For the task of word-breaking, many different approaches exist. Today we're writing about a purely data-driven approach, and it's actually quite straightforward — all we do is a consider every character boundary as a potential for a word boundary, and compare the relative joint probabilities, with no insertion penalty applied. A data-driven approach is great because all you need is data, and you're covered: all languages, slang, neologisms and so forth.
The one tricky business with the algorithm as outlined above is that it can be computationally expensive, especially if the pre-word-broken string is long. But with reasonably aggressive pruning, a breadth-first-search is actually quite usable. The coding is nevertheless tedious, so we've prepared two modes by which you can experiment with word-breaking: an interactive Silverlight application, and a REST service. Official write-up is here.
Shown here is a capture from the WordBreaker4Web app, breaking the title of this post:
So what are some applications for such a service? One obvious example is URL or filename breaking. In the case of a domain names, spaces are not permitted so unless you want to substitute hyphens, you're only choice is to string the words together. This leads to rather long domain names such as this [N.B. examples are random, not intended as an endorsement]: insearchoftheworldsmostbeautifulwoman . Or perhaps this Internet meme: penisland, meant to be parsed as pen island, not some other way. As for filename breaking, omission of space characters is still quite prevalent, as you're surely aware.

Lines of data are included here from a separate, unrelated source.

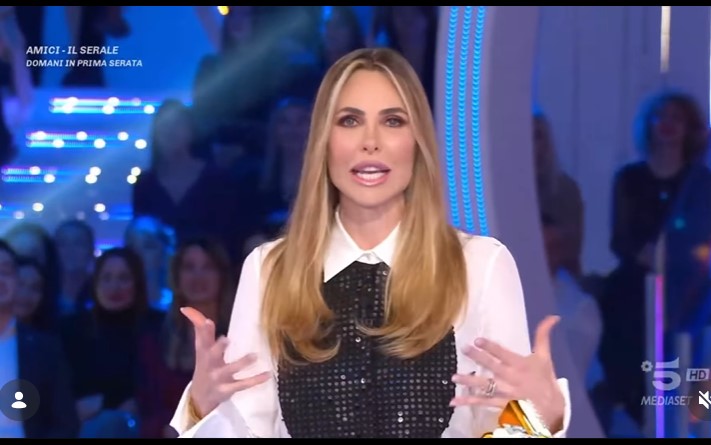 Ilary Blasi, cosa ha indossato per la seconda puntata del Grande Fratello Vip: il dettaglio è sparkling!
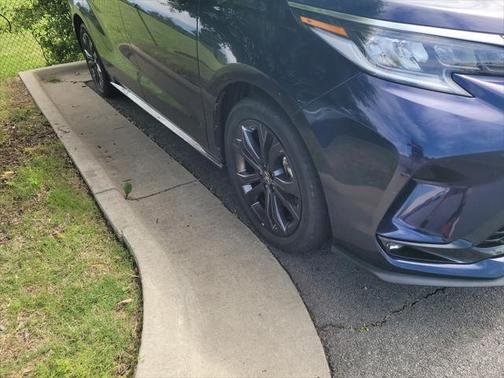 2023 Toyota Sienna XSE 7 Passenger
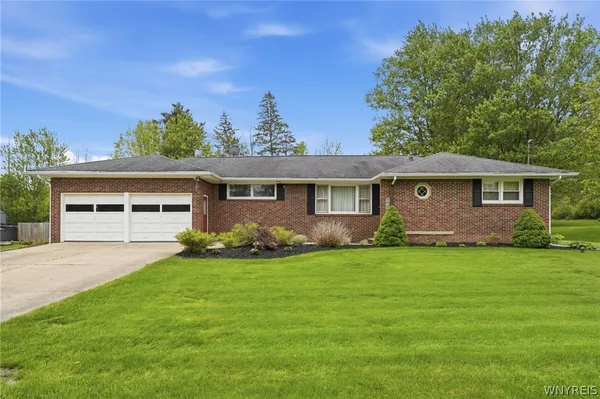 $249,900 | 5676 Homestead Road, Boston, NY 14075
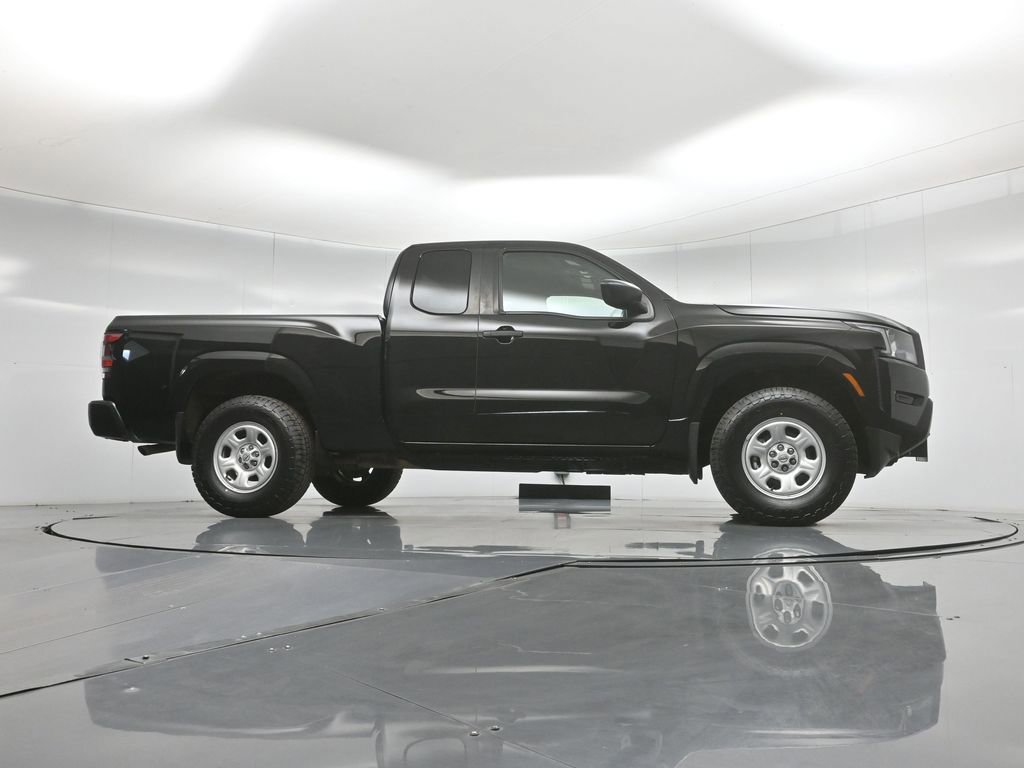 Used 2023 Nissan Frontier S w/ Technology Package image 9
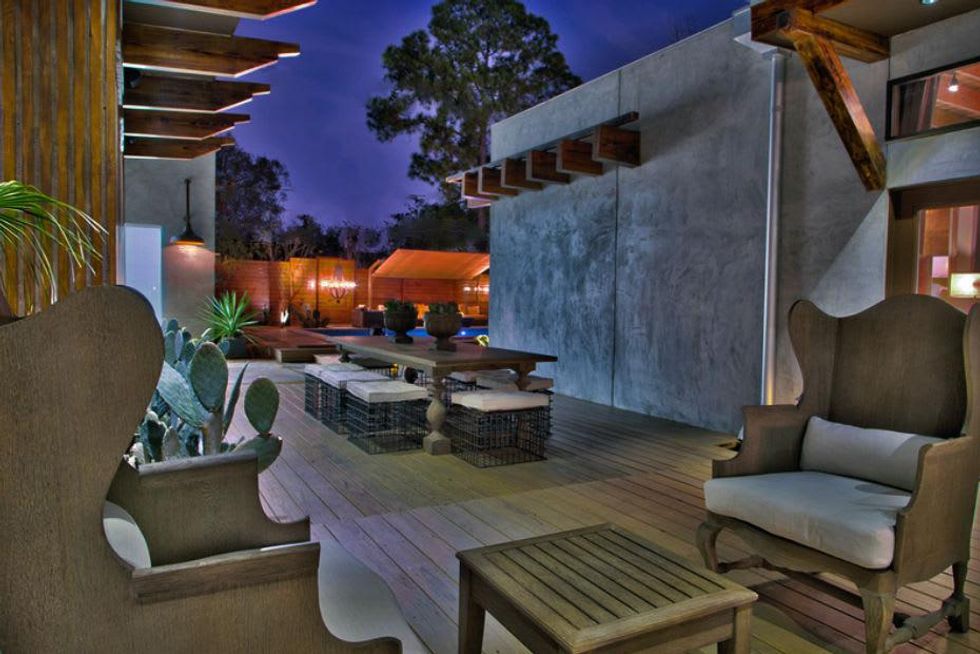 15 On the Market 3606 Sun Valley Drive February 2015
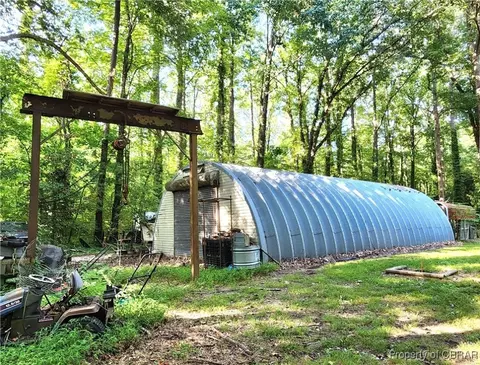 7588 Ware Neck Rd, Gloucester, VA 23061 photo 8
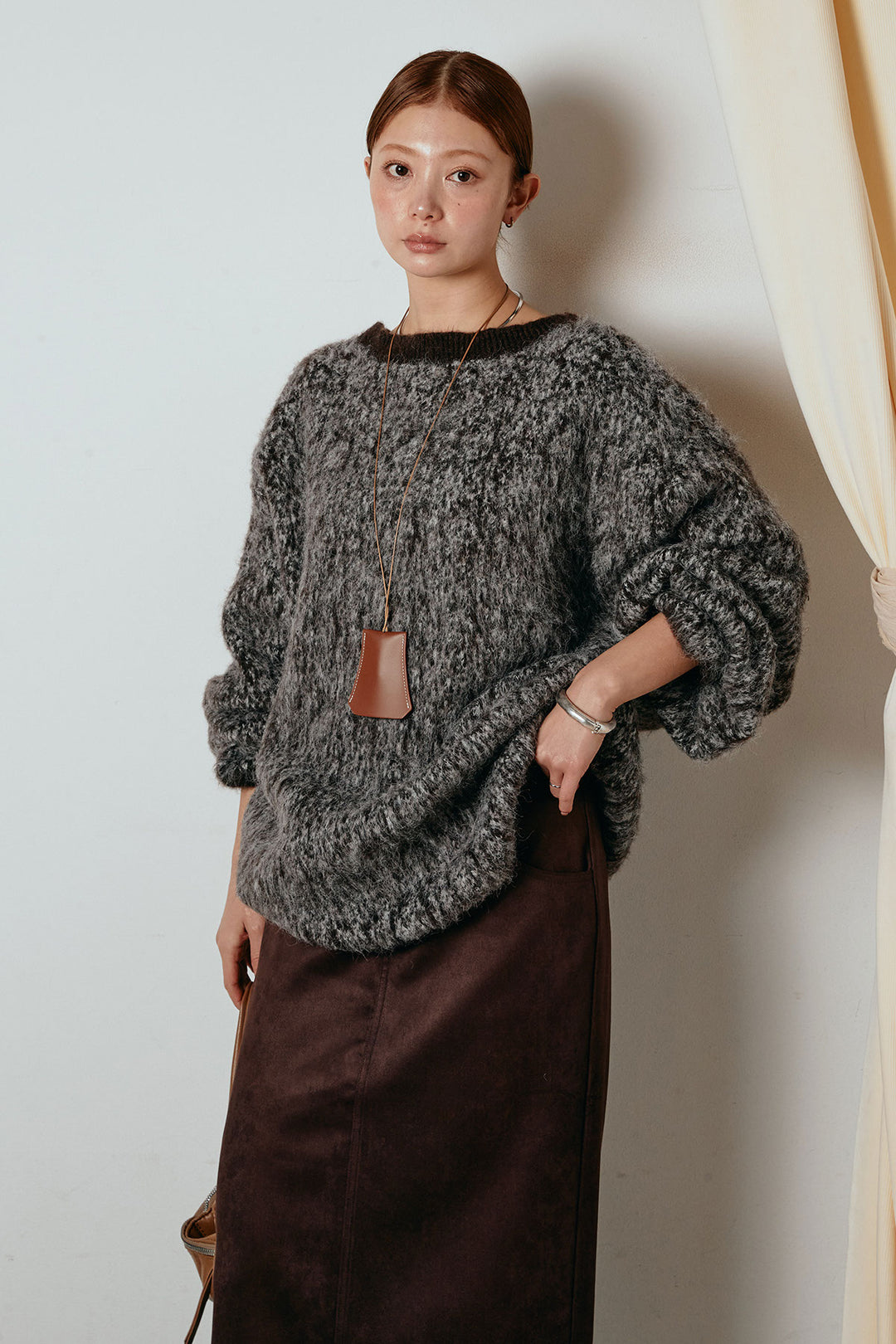 [SET]ボリュームスリーブミックスニットトップス+スウェードライク裾フリンジスカート(2set)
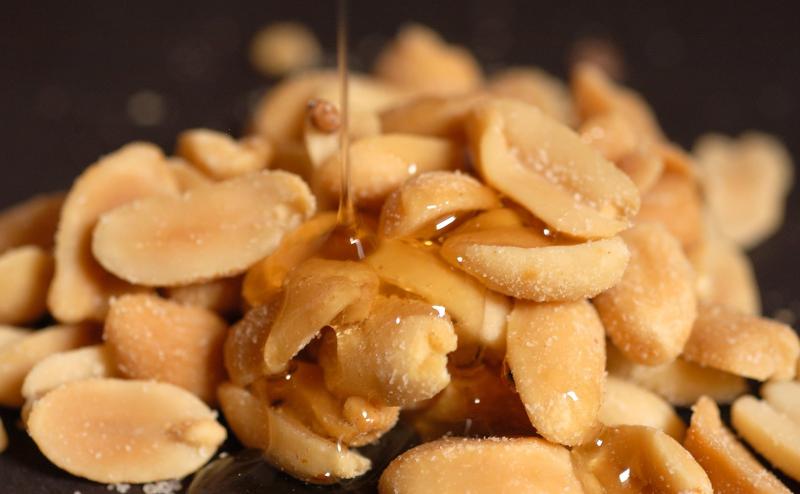 Арахис с медом. Арахис в меду. Мед с орехами. Жареный арахис с медом. Арахис медово соленый.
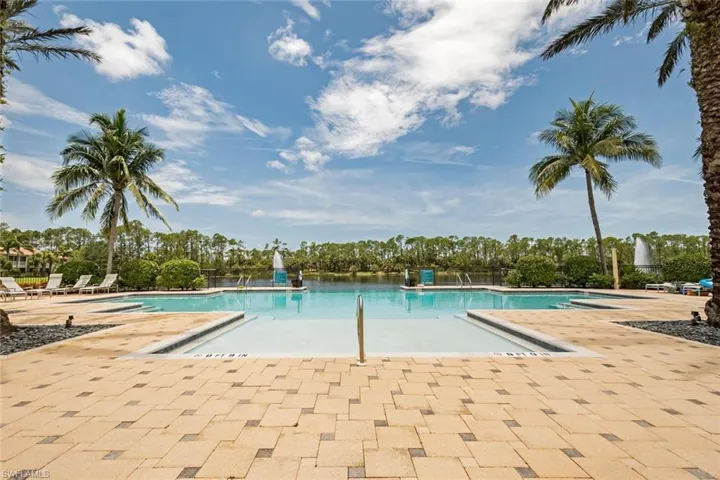 1641 Tarpon Bay Dr S 27, Naples, Florida 34119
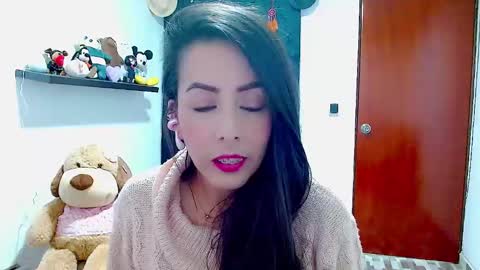 Snapshot of ela_3611 chatting on December 17, 11:27 pm ela_3611 online show from December 17, 11:27 pm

Other applications exist, too. Hash tags, seen throughout the Internet and quite prominently on Twitter (where we also are, by the way), are by nature words strung together with spaces removed. Here's an example, picking one of the trending terms at random:
For those with sharp eyes will note that the REST service shown above doesn't provide a means to specify a language model. This is because we built an artificial model based on ‘bing-title:apr10:2’ (that's right – bigram) with the n-grams drastically pruned for faster performance at the expense of accuracy. It nevertheless does a fairly decent job. Compare the speed between the REST service and the Silverlight demo app and the effect of the shrunk datset becomes quite obvious.
Does your Department of Licensing word break? Some of you may recall the news about a particular plate getting rejected in Colorado:
So we think it was about 30x more likely that they loved bean curds. But who knows.